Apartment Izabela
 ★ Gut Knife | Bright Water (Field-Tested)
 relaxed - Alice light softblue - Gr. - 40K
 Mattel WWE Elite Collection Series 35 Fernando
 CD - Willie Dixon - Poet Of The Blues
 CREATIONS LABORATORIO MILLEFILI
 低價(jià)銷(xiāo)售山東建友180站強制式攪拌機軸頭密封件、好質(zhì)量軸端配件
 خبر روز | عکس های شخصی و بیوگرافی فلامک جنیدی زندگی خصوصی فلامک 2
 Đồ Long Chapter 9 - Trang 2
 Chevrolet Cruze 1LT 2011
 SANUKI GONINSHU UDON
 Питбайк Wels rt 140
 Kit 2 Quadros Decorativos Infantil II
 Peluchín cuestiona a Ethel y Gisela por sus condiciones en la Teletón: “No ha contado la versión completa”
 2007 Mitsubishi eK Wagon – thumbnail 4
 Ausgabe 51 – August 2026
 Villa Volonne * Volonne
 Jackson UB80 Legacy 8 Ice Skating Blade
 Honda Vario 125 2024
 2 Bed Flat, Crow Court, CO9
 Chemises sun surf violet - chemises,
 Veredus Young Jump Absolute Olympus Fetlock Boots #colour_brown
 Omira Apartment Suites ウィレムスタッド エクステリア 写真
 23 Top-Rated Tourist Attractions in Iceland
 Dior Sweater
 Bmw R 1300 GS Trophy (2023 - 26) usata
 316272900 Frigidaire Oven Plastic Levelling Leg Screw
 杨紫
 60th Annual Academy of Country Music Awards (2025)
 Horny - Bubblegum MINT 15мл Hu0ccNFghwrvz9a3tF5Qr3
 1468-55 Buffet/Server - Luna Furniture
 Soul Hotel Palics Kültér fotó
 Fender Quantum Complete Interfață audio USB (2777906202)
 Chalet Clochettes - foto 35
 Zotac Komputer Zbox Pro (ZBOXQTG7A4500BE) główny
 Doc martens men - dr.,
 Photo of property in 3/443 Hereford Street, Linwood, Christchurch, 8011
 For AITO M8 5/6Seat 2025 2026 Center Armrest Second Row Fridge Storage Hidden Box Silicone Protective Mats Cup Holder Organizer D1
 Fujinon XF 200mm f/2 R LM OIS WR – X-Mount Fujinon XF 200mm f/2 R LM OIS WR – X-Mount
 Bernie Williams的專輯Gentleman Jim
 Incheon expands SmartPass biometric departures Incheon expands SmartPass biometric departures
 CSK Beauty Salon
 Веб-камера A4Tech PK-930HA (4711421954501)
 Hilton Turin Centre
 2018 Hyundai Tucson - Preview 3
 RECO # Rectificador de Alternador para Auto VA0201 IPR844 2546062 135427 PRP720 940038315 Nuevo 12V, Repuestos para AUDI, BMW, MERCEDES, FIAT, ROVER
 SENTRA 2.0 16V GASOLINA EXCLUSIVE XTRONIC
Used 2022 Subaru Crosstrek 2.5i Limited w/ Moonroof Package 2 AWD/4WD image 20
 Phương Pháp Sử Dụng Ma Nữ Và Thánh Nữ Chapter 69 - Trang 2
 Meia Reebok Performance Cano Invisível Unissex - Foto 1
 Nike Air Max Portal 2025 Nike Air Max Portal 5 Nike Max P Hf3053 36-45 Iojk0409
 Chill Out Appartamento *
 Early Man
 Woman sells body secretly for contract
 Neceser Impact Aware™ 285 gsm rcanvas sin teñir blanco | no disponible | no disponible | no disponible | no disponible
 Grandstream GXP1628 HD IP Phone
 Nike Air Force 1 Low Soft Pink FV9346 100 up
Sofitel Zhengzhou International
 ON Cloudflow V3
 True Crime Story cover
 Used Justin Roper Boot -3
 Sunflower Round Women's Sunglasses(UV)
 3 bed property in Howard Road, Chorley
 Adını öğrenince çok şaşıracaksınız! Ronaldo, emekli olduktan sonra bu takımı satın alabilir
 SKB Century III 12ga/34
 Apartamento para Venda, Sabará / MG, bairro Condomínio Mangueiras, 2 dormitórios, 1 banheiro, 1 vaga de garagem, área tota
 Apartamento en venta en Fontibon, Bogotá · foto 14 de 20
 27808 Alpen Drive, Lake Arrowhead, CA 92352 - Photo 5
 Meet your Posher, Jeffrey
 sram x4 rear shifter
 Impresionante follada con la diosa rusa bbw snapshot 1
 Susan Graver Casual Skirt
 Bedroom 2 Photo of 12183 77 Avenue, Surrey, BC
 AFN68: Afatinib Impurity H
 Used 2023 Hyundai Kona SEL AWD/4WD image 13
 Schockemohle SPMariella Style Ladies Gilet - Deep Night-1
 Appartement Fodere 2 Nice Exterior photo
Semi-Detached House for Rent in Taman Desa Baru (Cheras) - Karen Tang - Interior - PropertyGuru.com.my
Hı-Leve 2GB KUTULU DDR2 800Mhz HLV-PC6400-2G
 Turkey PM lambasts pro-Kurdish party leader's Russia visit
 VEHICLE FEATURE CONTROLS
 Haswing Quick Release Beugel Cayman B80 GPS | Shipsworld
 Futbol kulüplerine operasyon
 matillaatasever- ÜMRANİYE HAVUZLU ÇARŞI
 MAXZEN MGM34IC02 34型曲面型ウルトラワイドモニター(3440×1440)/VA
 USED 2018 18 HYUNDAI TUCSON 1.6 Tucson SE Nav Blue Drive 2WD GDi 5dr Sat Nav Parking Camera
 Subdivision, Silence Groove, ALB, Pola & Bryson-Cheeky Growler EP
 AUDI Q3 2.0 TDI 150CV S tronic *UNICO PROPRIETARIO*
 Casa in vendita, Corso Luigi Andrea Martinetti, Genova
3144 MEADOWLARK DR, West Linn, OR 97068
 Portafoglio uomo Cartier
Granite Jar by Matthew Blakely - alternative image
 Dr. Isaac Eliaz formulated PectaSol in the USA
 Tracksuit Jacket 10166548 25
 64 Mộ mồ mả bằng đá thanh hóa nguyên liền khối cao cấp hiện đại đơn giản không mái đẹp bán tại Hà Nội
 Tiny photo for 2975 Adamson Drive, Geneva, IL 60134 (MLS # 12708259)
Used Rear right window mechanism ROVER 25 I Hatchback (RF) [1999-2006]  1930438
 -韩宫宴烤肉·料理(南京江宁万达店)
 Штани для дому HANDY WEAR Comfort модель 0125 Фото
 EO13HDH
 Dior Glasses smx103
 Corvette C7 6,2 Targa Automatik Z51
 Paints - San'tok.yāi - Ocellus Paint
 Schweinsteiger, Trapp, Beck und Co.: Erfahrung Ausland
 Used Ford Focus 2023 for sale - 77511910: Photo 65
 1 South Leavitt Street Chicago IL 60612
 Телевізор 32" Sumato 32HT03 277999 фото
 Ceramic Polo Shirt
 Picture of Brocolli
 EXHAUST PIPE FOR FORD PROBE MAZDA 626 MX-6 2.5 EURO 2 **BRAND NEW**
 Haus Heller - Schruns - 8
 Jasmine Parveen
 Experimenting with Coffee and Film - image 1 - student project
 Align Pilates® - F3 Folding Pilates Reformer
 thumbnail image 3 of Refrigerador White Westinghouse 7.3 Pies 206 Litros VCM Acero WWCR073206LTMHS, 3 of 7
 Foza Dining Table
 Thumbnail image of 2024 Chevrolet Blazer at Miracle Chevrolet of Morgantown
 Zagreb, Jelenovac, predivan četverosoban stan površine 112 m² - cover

═══

Using the data above, extract exactly the lines from the one that holds "Woman sells body secretly for contract" to the one that holds "3 bed property in Howard Road, Chorley", both ends included, and no others.

ANSWER TO THIS PROBLEM -
 Woman sells body secretly for contract
 Neceser Impact Aware™ 285 gsm rcanvas sin teñir blanco | no disponible | no disponible | no disponible | no disponible
 Grandstream GXP1628 HD IP Phone
 Nike Air Force 1 Low Soft Pink FV9346 100 up
Sofitel Zhengzhou International
 ON Cloudflow V3
 True Crime Story cover
 Used Justin Roper Boot -3
 Sunflower Round Women's Sunglasses(UV)
 3 bed property in Howard Road, Chorley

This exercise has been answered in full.